Enfant du centre-ville, Paul Dozois (1908-1984) fréquente dans les années trente les Jeunesses catholiques, ce bras social du catholicisme québécois formant les cohortes qui plus tard enfanteront la Révolution tranquille. Fort de ce réseau, Dozois est élu en 1944 au Conseil municipal de Montréal, où il siégera douze ans sous le règne du coloré maire Camilien Houde, jusqu’à en présider le Comité exécutif. En réponse à la crise du logement, il forme le « Comité des 55 », nommé du nombre d’institutions religieuses, professionnelles, syndicales et caritatives dont il s’entoure. Développée durant trois ans, leur mission de régénération du logement abordable salubre débouchera sur le fameux « plan Dozois », qui vise la démolition d’une grande partie du Red Light pour y construire un moderne complexe d’habitation pour familles modestes.
L’opposition est vive, même à l’Hôtel de ville ! Bien que dans la lutte à la corruption – dans laquelle le quotidien Le Devoir est à l’avant-garde – le conseiller reste un allié du nouveau maire Jean Drapeau, les deux divergent sur la question du logement. Pourquoi diable, martèlent les critiques du plan Dozois, dédier à l’habitat des pauvres un territoire de si grande valeur foncière, au lieu de le laisser à l’expansion « naturelle » des institutions financières, commerciales ou culturelles d’un centre-ville en plein essor ? Pourquoi ne pas plutôt reléguer plus loin cette clientèle désargentée qui fréquente si peu les grands commerces ?
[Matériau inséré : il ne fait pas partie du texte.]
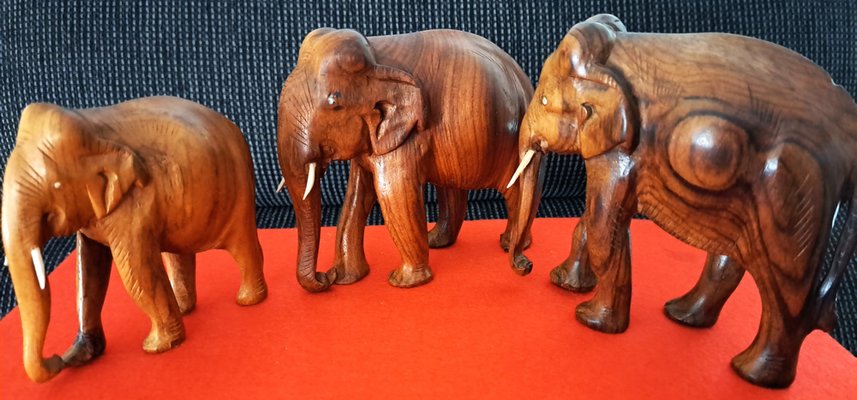 Hand-Carved Wooden Elephants, 1960s, Set of 3-ZYI-1739780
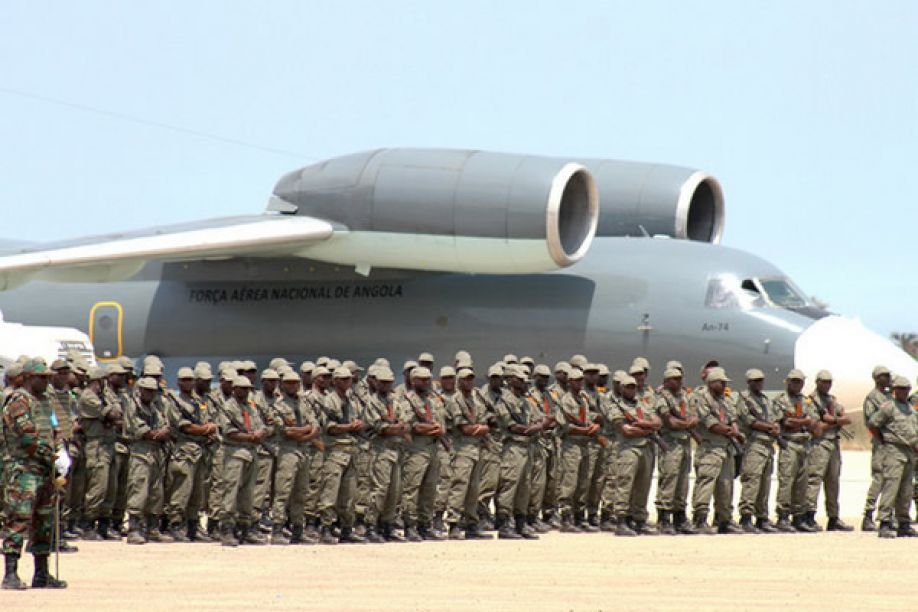 Parlamento aprova por unanimidade envio de militares para  Moçambique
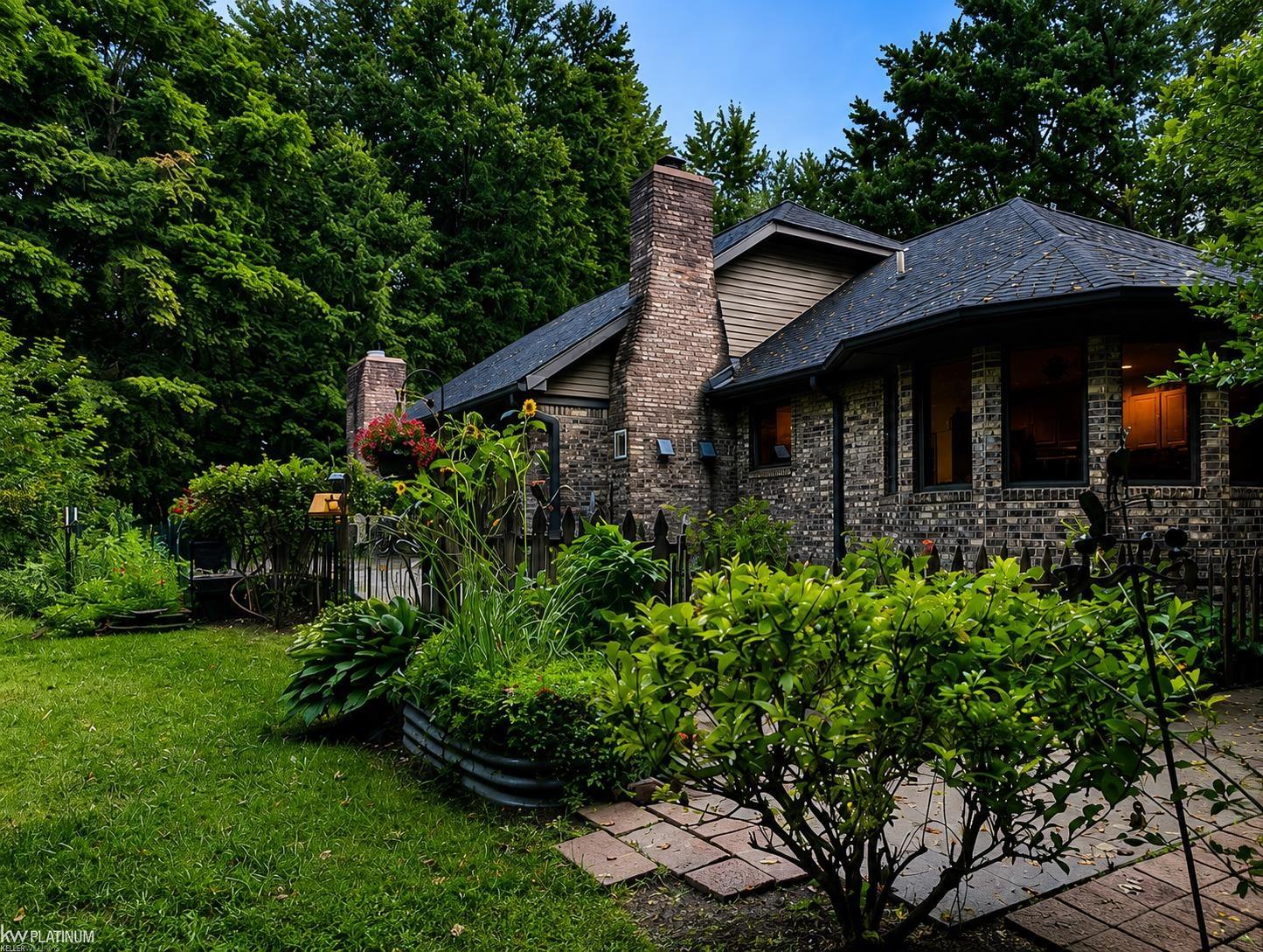 7690 Lambs Road Property Photo 5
Mais Dozois a des appuis, jusqu’au premier ministre Duplessis à Québec. Élu député en 1956, il hérite du ministre des Affaires municipales; et avec, des budgets nécessaires à son plan. Appuyé sur un financement Montréal-Québec-Ottawa, le chantier pharaonique lancé en 1957 est complété en quatre ans : non seulement on démolit entièrement une dizaine de pâtés de maisons pour reconstruire à partir de zéro, mais on inverse carrément la trame urbaine en interrompant les voies nord-sud (Coloniale, DeBullion, Ste-Élisabeth) à la rue Ste-Catherine — sous l’argument, entre autres, de couper le trafic automobile à la clientèle des 200 bordels opérant alors dans le secteur. Entre les rues St-Dominique et Sanguinet, seules demeurent les voies Est/Ouest : les rues Ontario au nord et Boisbriand au sud, avec au centre la rue Mignonne qui devient l’actuel boulevard de Maisonneuve. L’ensemble prend le nom d’Habitations Jeanne-Mance, du nom de la co-fondatrice de Montréal.
Un ensemble de logements sociaux dans un oasis de verdure
Soixante-cinq ans plus tard, ce micro-quartier illustre l’évolution de la diversité montréalaise. Il combine dans cinq ilots résidentiels 50 maisons de ville, 14 multiplex et cinq tours d’habitation; mais a aussi hérité, de façon avant-gardiste pour les années 1950, des espaces verts, des aménagements communautaires et récréatifs. Longtemps une référence visuelle, le passage piétonnier reliant deux de ses édifices a depuis été transformé en salle communautaire, jouxtant des aires de jeu et une garderie. Si l’Office municipal d’habitation de Montréal gère la demande de logements – et sa longue liste d’attente – sa gestion dépend d’une structure autonome, qui au fil des décennies a relevé de nombreux défis : lutte à la petite criminalité, rénovation progressive de l’ensemble des logements et des aires communes, lancement de l’annuelle Fête interculturelle.
Le besoin criant de nouveaux logements pour familles modestes à Montréal évoque désormais la possible construction de nouveaux logements sur le site, avec tous les questionnements qu’on imagine : densifier en hauteur ? Sacrifier des espaces verts, des stationnements ? Mais les Habitations Jeanne-Mance témoignent également d’une époque : celle d’une approche « table rase » où on démolissait pour construire « le progrès ». Mais aussi celle d’une volonté politique qui, face aux oppositions qui l’enjoignaient de ne pas aller de l’avant, osait prendre le taureau par les cornes.
Regroupant quelque 800 logements dans un ilot de verdure assez unique, les Habitations Jeanne-Mance témoignent aussi d’une vision urbanistique, sociale et politique qui détonne avec aujourd’hui. Paradoxalement, le plus ambitieux ensemble de logements sociaux de notre histoire a été réalisé par le gouvernement le plus conservateur du XXe siècle.